• Instructions to follow: All entries must come back exactly as given, with no pictures in the copy.

[Dataset excerpts]

———

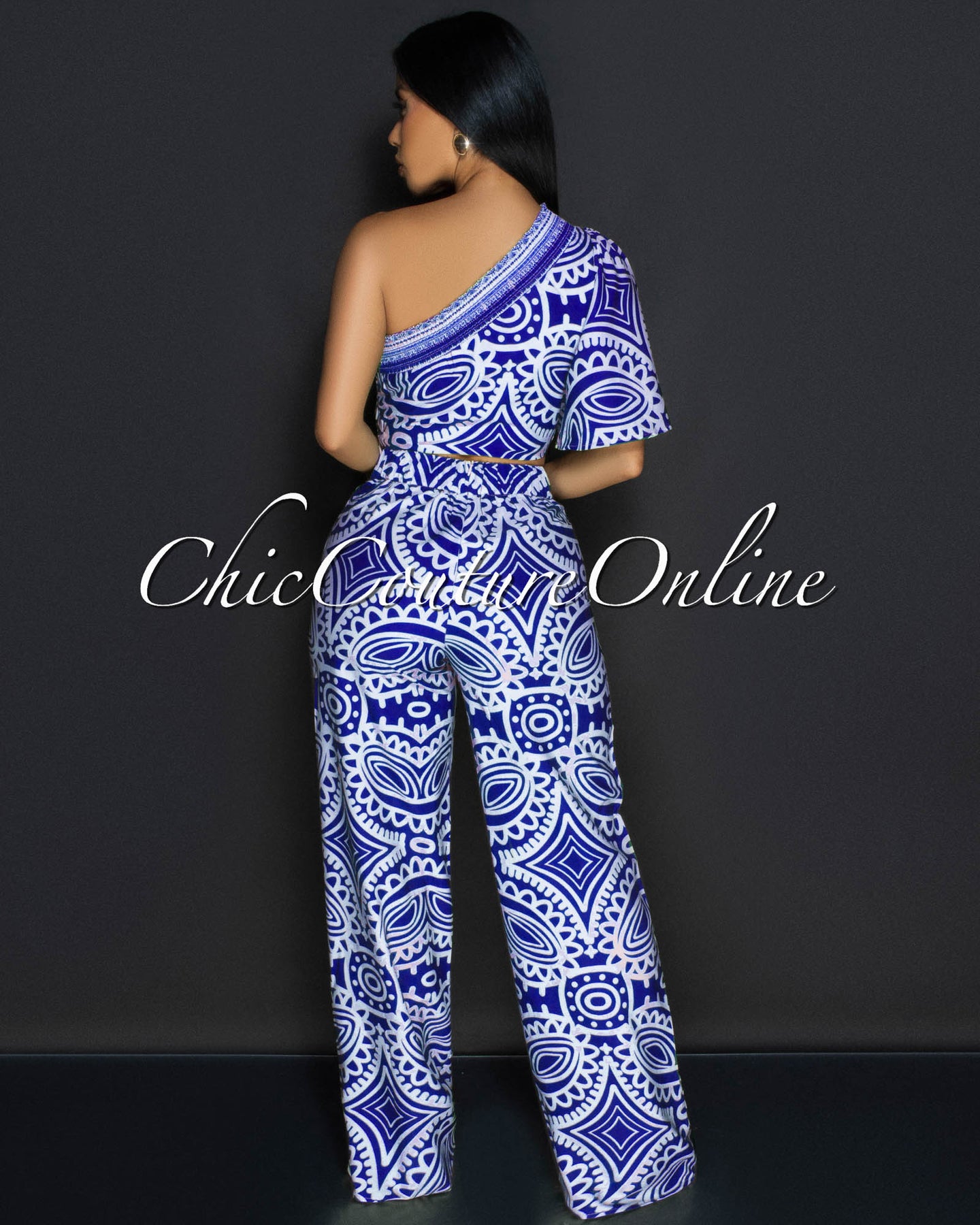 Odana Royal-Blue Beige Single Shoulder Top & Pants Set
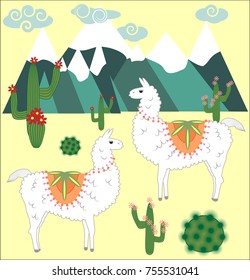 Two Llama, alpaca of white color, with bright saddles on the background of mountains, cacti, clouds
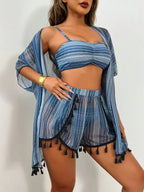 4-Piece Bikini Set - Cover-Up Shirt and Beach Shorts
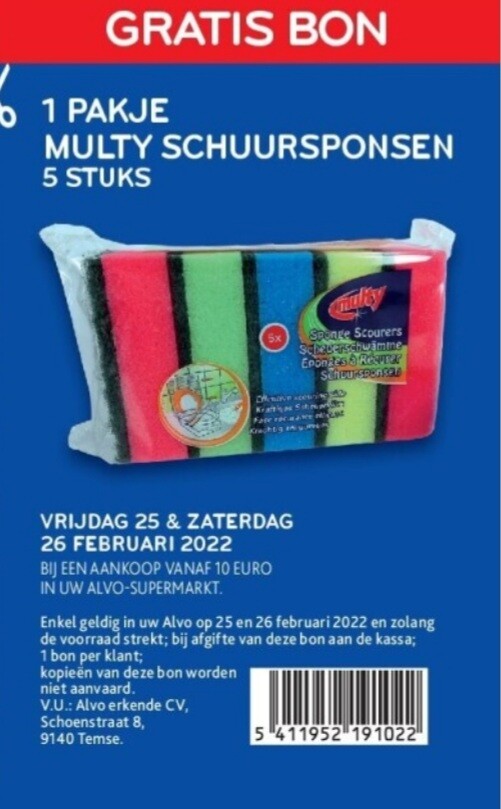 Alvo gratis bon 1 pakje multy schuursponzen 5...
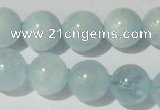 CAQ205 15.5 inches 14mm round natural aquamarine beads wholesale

———

• Your response:
 Odana Royal-Blue Beige Single Shoulder Top & Pants Set
 Two Llama, alpaca of white color, with bright saddles on the background of mountains, cacti, clouds
 4-Piece Bikini Set - Cover-Up Shirt and Beach Shorts
 Alvo gratis bon 1 pakje multy schuursponzen 5...
 CAQ205 15.5 inches 14mm round natural aquamarine beads wholesale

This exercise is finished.